Good management of teacher education keeps children in school
The central role of teacher education management will be the focus of an international forum that will take place in Kinshasa, Democratic Republic of Congo, from 25-29 November.
Titled “The Management of Teacher Education – Trends in Policies and Practice: what works, why and for whom?” the forum will involve 200 participants from policy makers to researchers and teachers.
Worldwide, 1.58 million new teachers are required to meet Universal Primary Education by 2015. The shortage of well trained and motivated teachers is of particular concern in Africa, notably in Sub-Saharan Africa where 902 000 additional teachers are needed to reach the target (source: UNESCO’s Institute for Statistics, 2013). “The challenge goes beyond numbers – more teachers must mean better quality learning, through appropriate training and support,” recalls the joint, UNESCO, ILO, UNDP, UNICEF and EI, message this World Teachers’ Day, 5 October 2013.
“Given the fact that the quality of an education system cannot exceed that of its teachers, it is imperative for governments and education stakeholders to take concerted efforts to improve the status of teachers and teaching,” says Dennis Sinyolo, co-ordinator, Education International's Education and Employment Unit, in charge of early childhood education, primary and secondary education programmes.
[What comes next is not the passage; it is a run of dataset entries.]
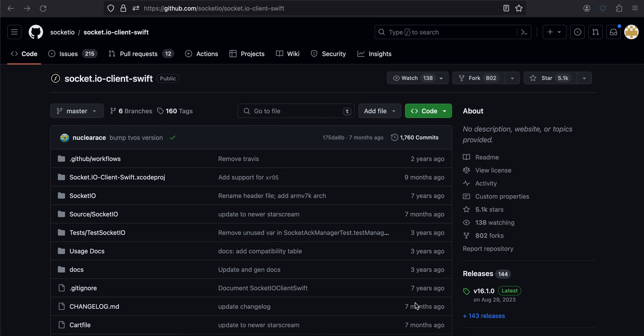In today's video I will show you how to integrate Socket.IO for real-time communication in a native macOS app with Swift. Firstly we will be making use of this package Socket.IO Client Swift.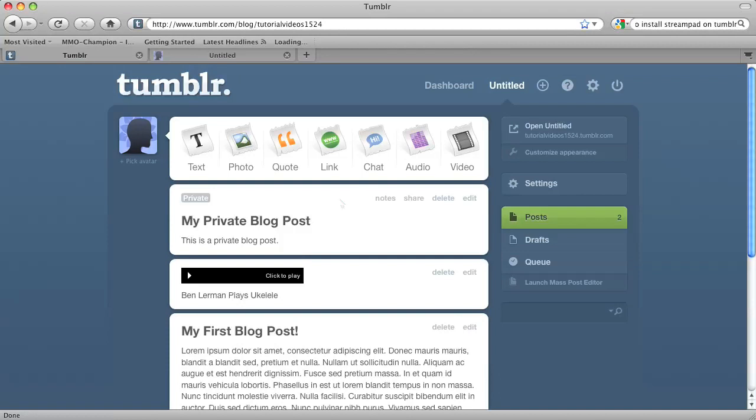And now this post is listed as private, as you can see by the private icon right here. Only you and those with your password can see this post. That's how you password protect a post in Tumblr.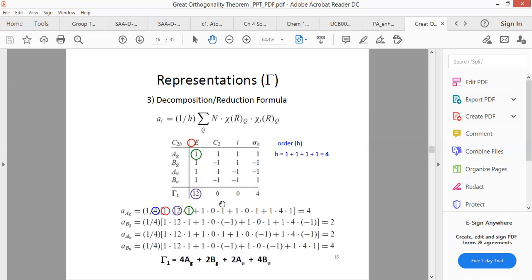Now let us take another example with C₂h, but this time the reducible representation is 12, 0, 0, 4. We want to know which irreducible representations are contributing. Again we will use this formula; the order of the group is again 4. We will check 1 by 1 for each irreducible representation.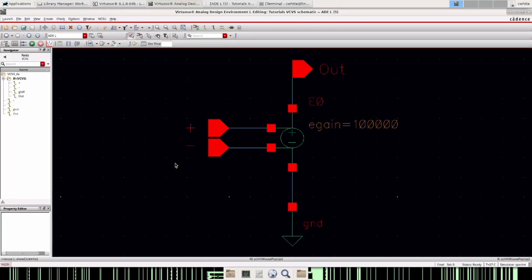Hey guys, how's it going? I haven't uploaded in a while and that's because I was finishing my degree. This is a quick video to show how I make and use ideal op amps in Cadence.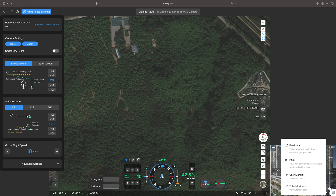For more information on how to use DJI FlightHub 2, you can click on the FAQs or read the user manuals. Thanks for watching.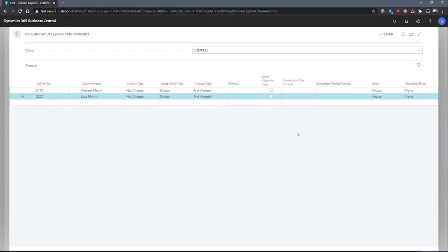With the comparison period formula, the field refers to periods that we have set up in our accounting periods area of Business Central. This means that we can make use of the letter P in our formula, referring to periods that we've created. This is particularly useful if we're using periods that are in a different structure to our standard calendar. We also have our comparison date formula, which we can use standard date details for like D, M, and W for day, month, and week. For this column, as we're comparing directly with the previous month, we can enter negative 1M into the comparison date formula field. This formula will later be applied to the date filter that we will use with our account schedule.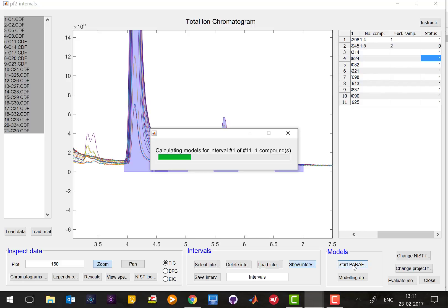And in that case depending on the number of samples you have this can easily take more than a day or even days worst case. But the good thing is you don't have to sit and look at it, you can just come back later and then see what has happened and go through the results. And that's what we're gonna do so let's leave for now and let the computer calculate a little bit on all the intervals.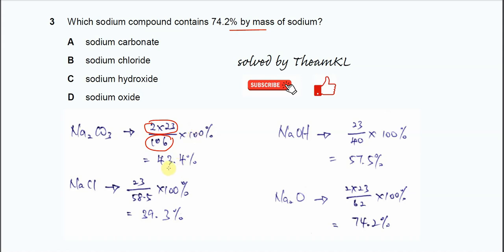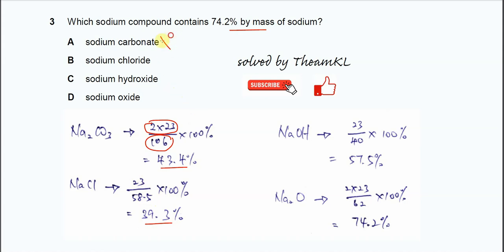So for sodium carbonate, after you calculate you get 43.4%. For sodium chloride, we use 23 because it's 1 sodium only, over 58.5 times 100%, so you get 39.3%. So both are not the answer.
Every child has the right to good quality education; the shortage of qualified and motivated teachers is a major impediment to this right. For too many children, more schooling has not resulted in more knowledge and skills. “Evidence from Voluntary Service Overseas International’s ‘Valuing Teachers’ research in 14 low-income countries indicates that… existing programmes of teacher education and training have failed to provide new teachers with the necessary skills and knowledge to work effectively,” says Purna Shrestha, Education Policy and Advocacy Adviser, VSO International. Based on the Global Campaign for Education’s 2012 teacher report, Monique Fouilhoux explains “far too often, quality and equity are sacrificed in order to deliver some form of schooling. But there is no short-cut to quality education and learning”.
The forum will look at the continuous process of learning through initial teacher education, professional development and self-study. “The learning and training materials for teachers can be greatly improved by using the feedback of pre-service students' on their training needs and by following up on graduate teachers in their classrooms and undertaking an impact assessment of their initial training and determine what kinds of improvements need to be made to the training Programmes and curricula,” says Professor Muhammad Ibn Junaid, Executive Secretary,National Commission for Colleges of Education, Nigeria.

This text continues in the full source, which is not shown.